:: Data section ::

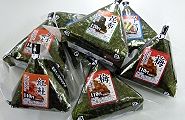 仕上げには手巻きおにぎり。'10.04.24.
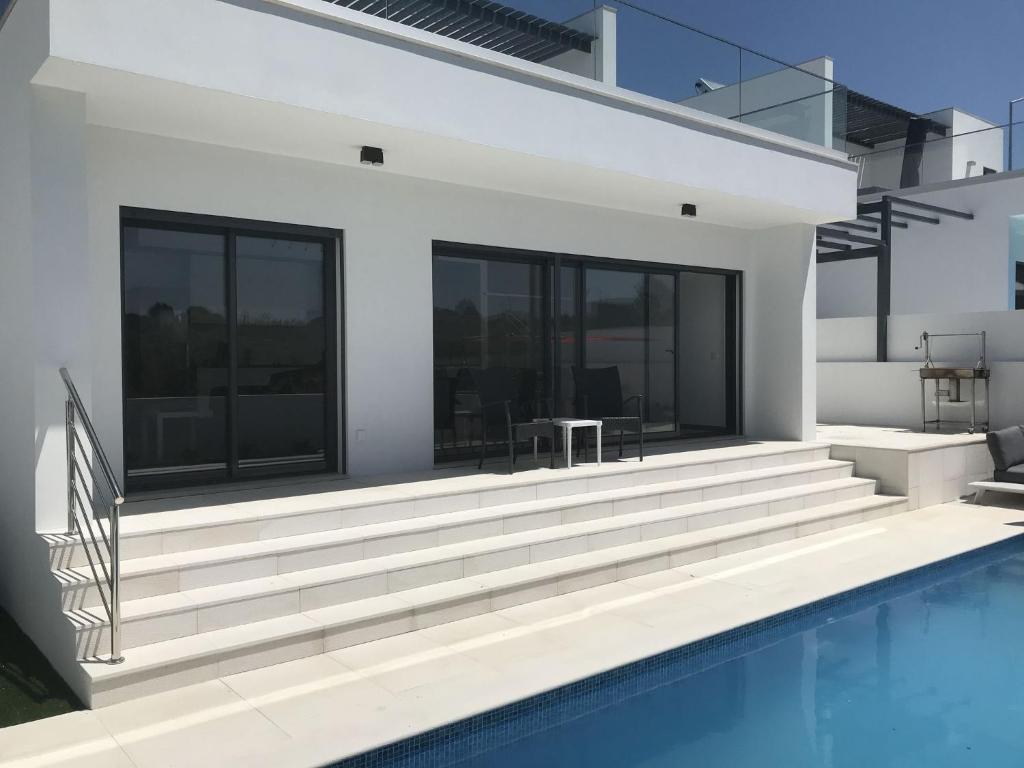 Comfortable villa in Coto with swimming pool , 2500-432 Coto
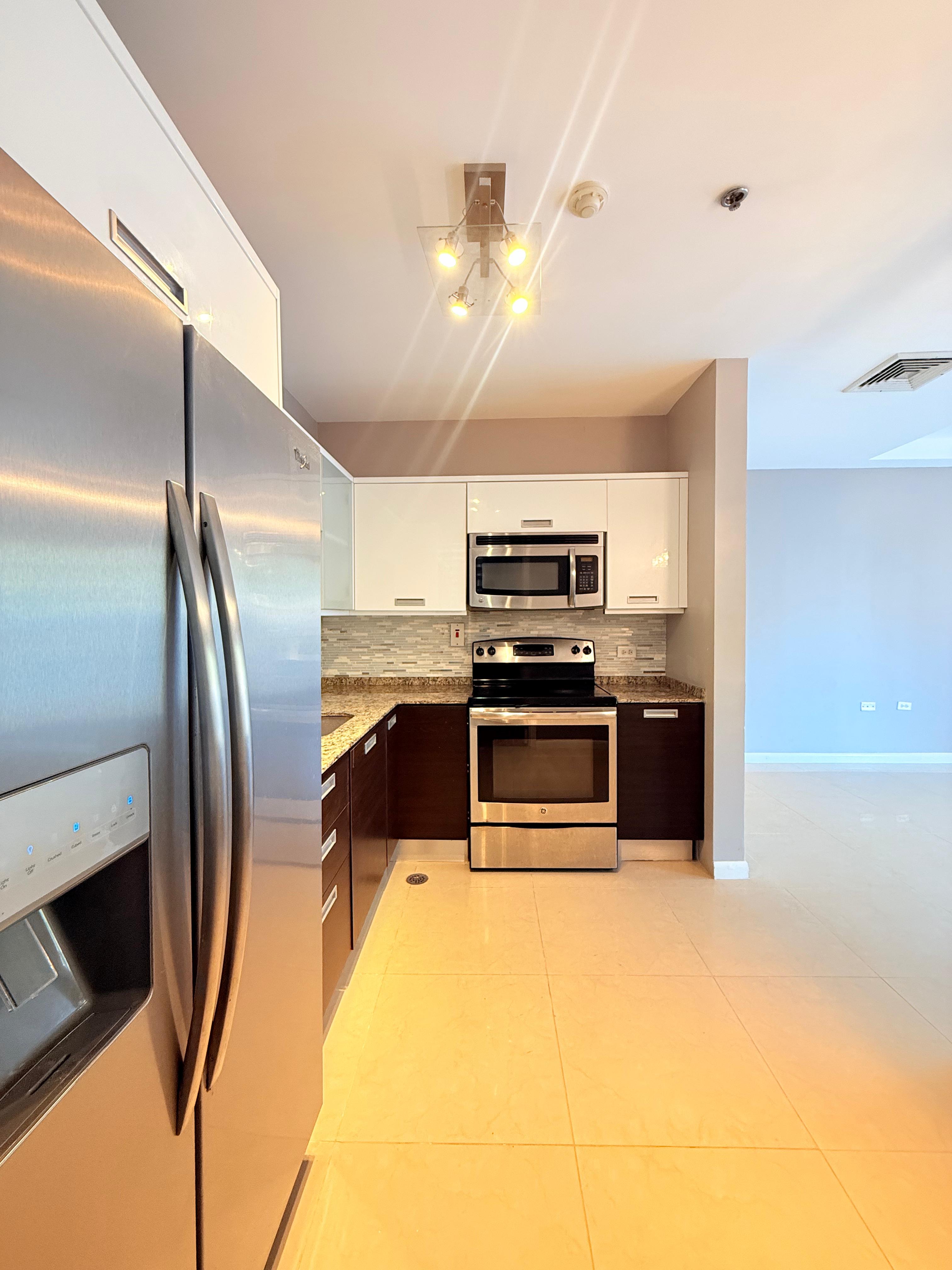2 Bedroom Apartment For Rent, West Hills, Petit Valley.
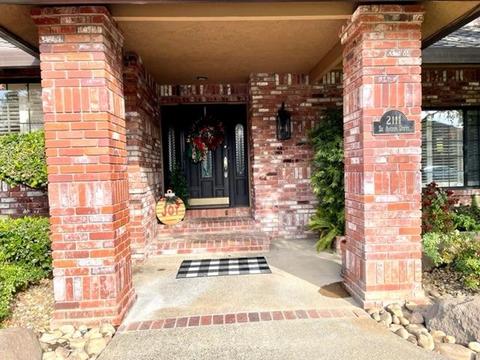 2111 Saint Anton Dr, Lodi, CA 95242 photo 4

:::

- Problem description:
Retype all the data exactly. Omit pictures.

- Task output:
 仕上げには手巻きおにぎり。'10.04.24.
 Comfortable villa in Coto with swimming pool , 2500-432 Coto
2 Bedroom Apartment For Rent, West Hills, Petit Valley.
 2111 Saint Anton Dr, Lodi, CA 95242 photo 4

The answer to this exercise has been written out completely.